Jim Morrison drove in seven Pittsburgh runs with a triple, a double and a hotly disputed grand slam as the Pirates jolted the Los Angeles Dodgers yesterday, 12-3, in Three Rivers Stadium.

Morrison's fifth-inning homer off Tom Niedenfuer made it 9-2 and touched off a 10-minute argument, Dodgers Manager Tom Lasorda arguing that Morrison, rounding first base, passed runner Tony Pena.

Pena was standing a few feet off first, watching the ball fall into the left field seats as Morrison, running with an eye on his drive, appeared to pass him. Morrison quickly retreated and retouched first as Dodgers first baseman Greg Brock and third baseman Bill Madlock began screaming at first base umpire Lee Weyer and Lasorda charged out of the dugout.

The umpires let the home run stand after huddling in private for about two minutes. Television replays of the incident were not available. Weyer said as the ball was hit to left, he started toward second base.

"They said Morrison passed him, but you have to see it to call it," Weyer said. "If I'd seen it, I would have called it. I don't know if he went by him or not."

"Everybody saw it except the guy who was supposed to see it," Lasorda said.

Madlock said Morrison "had a sheepish look on his face" as he retreated to first, but neither Morrison nor Pena would admit the umpires missed the call.

"He touched me but he never passed me," Pena said.

Morrison said. "I think I went up the base line . . . more than I did run around him. I don't think I passed him. I don't want to say much about it because I've been in a slump all season and I just want to enjoy this."

Morrison would have been given credit for a single if he had been called out, but the three runners would have been permitted to score.

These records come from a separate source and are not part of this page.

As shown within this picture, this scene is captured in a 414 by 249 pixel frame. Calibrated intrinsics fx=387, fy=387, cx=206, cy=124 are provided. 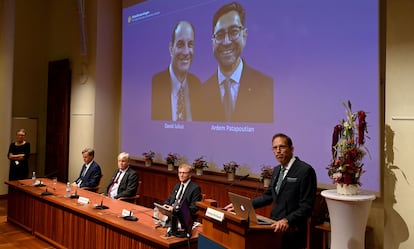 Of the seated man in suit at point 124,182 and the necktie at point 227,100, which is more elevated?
the necktie at point 227,100

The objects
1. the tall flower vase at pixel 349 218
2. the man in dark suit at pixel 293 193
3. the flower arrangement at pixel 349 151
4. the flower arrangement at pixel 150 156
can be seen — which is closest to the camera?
the man in dark suit at pixel 293 193

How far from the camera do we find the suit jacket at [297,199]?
2.57 meters

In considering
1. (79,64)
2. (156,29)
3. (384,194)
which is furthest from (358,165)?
(79,64)

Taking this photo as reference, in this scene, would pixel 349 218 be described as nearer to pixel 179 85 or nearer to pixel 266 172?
pixel 266 172

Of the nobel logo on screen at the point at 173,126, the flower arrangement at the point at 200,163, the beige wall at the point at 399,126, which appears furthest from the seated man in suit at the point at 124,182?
the beige wall at the point at 399,126

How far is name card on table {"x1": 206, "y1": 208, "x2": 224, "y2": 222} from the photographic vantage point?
237 cm

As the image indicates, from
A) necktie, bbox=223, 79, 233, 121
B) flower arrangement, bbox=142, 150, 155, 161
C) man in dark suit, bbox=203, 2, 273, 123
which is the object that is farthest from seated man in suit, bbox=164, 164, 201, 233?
flower arrangement, bbox=142, 150, 155, 161

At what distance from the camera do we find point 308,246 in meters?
3.87

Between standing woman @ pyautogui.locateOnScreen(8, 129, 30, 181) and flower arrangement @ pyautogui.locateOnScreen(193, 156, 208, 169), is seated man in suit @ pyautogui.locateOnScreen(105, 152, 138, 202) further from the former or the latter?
standing woman @ pyautogui.locateOnScreen(8, 129, 30, 181)

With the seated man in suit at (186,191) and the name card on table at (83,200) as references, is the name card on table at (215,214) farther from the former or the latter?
the name card on table at (83,200)

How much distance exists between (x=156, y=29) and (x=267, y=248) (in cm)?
462

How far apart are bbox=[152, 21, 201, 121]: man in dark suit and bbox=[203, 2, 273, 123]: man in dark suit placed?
28 centimetres

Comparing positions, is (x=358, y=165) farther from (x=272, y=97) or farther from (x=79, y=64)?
(x=79, y=64)

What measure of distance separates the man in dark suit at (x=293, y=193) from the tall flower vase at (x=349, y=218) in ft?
2.08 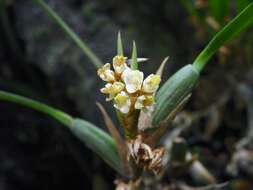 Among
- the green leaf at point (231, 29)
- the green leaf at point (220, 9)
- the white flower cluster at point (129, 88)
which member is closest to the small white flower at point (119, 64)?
the white flower cluster at point (129, 88)

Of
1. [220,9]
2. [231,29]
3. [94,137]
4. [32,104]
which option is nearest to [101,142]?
[94,137]

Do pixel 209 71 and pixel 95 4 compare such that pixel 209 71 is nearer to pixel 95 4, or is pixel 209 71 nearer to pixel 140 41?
pixel 140 41

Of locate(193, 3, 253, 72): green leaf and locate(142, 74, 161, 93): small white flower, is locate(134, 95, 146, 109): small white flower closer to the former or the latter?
locate(142, 74, 161, 93): small white flower

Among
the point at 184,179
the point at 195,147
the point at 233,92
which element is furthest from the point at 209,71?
the point at 184,179

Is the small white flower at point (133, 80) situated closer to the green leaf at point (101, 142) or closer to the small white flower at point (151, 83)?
the small white flower at point (151, 83)

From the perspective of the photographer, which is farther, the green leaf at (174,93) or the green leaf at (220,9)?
the green leaf at (220,9)

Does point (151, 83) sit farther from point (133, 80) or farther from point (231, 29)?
point (231, 29) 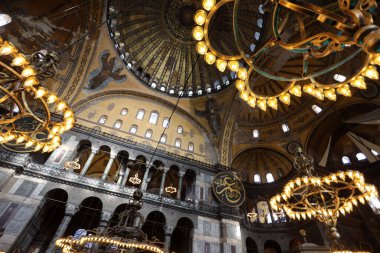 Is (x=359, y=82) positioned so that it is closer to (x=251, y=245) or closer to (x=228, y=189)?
(x=228, y=189)

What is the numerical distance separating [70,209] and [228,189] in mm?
9512

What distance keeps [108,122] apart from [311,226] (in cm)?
1624

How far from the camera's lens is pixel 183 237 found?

"What difference is one run?" Madlock asked. "So it's 11-3 instead of 12-3. But what can you do? I respect them the umpires more when they tell the truth. If he didn't see it, that's it."

Morrison, whose previous high was six RBI in a 1984 game against the New York Mets, put Rick Rhoden (4-3) ahead, 1-0, in the second with an RBI triple off Bob Welch (3-5). He got a two-run double in the fourth. Needing a single to hit for the cycle and two RBI to tie the Pirates' record, he struck out his last two at-bats.

"I chased some pitches," he said.

*Phillies 16, Padres 5: In Philadelphia, Juan Samuel's three-run double and bases-empty homer and Glenn Wilson and Darren Daulton's three-run homers overpowered San Diego in the Phillies' sixth straight victory.

Philadelphia's 16 runs, a 1986 league high, came with 12 walks and 15 hits off five pitchers, helping Steve Carlton (4-6) win although issuing five runs on 10 hits in six innings. For the first time since September 1984, the 318-game winner has won two straight.

*Cubs 7, Braves 3: Gary Matthews' Wrigley Field wind-blown, two-run triple capped a three-run Chicago first inning against Atlanta and winner Guy Hoffman pitched his first career complete game, an eight-hitter.

Matthews lifted a fly to right field that got caught in the 31-mph wind blowing in and eluded Billy Sample. "The craziest fly ball I've ever seen. It went three different ways," Cubs Manager Jim Frey marveled, " . . . but if the wind had been blowing out, it would have been a three-run homer instead of a two-run triple."

*Cardinals 2, Reds 1: Danny Cox, an 18-game winner last season, got St. Louis' game-winning RBI and his first victory of 1986 with outstanding relief from Todd Worrell at Cincinnati.

Cox (1-4) singled home the tie-breaking run in the second inning, coaxing a slow roller through the right side. He left after the fifth with a tight right elbow. He had given up six hits, one an RBI single by Pete Rose.

The Reds filled the bases in the seventh and eighth, but Worrell bailed Pat Perry out of the first jam and himself out of the second one with third-out fly balls.

*Astros 8, Expos 4: Bob Knepper became the league's first nine-game winner and Glenn Davis homered and drove in four runs as Houston won at home.

Knepper (9-2) pitched six innings and gave up four Montreal runs on six hits, including Andre Dawson's 10th and 11th homers and four RBI. Knepper tied Boston's Roger Clemens for the major league lead in victories. Dawson became the all-time Expos home run leader with 216, one more than Gary Carter.

*Giants 7, Mets 3: Mike Krukow, the winning pitcher against Dwight Gooden 10 days previously, beat previously unbeaten Ron Darling (6-1) as San Francisco capitalized on five Mets errors in New York.

Krukow (7-3) retired the first nine batters, extending his streak against New York to 32 consecutive batters faced without allowing a hit. He went 7 1/3 innings this time, allowing seven hits. One was a two-run homer by Ray Knight, whose wife, golfer Nancy Lopez, delivered their second daughter on Memorial Day.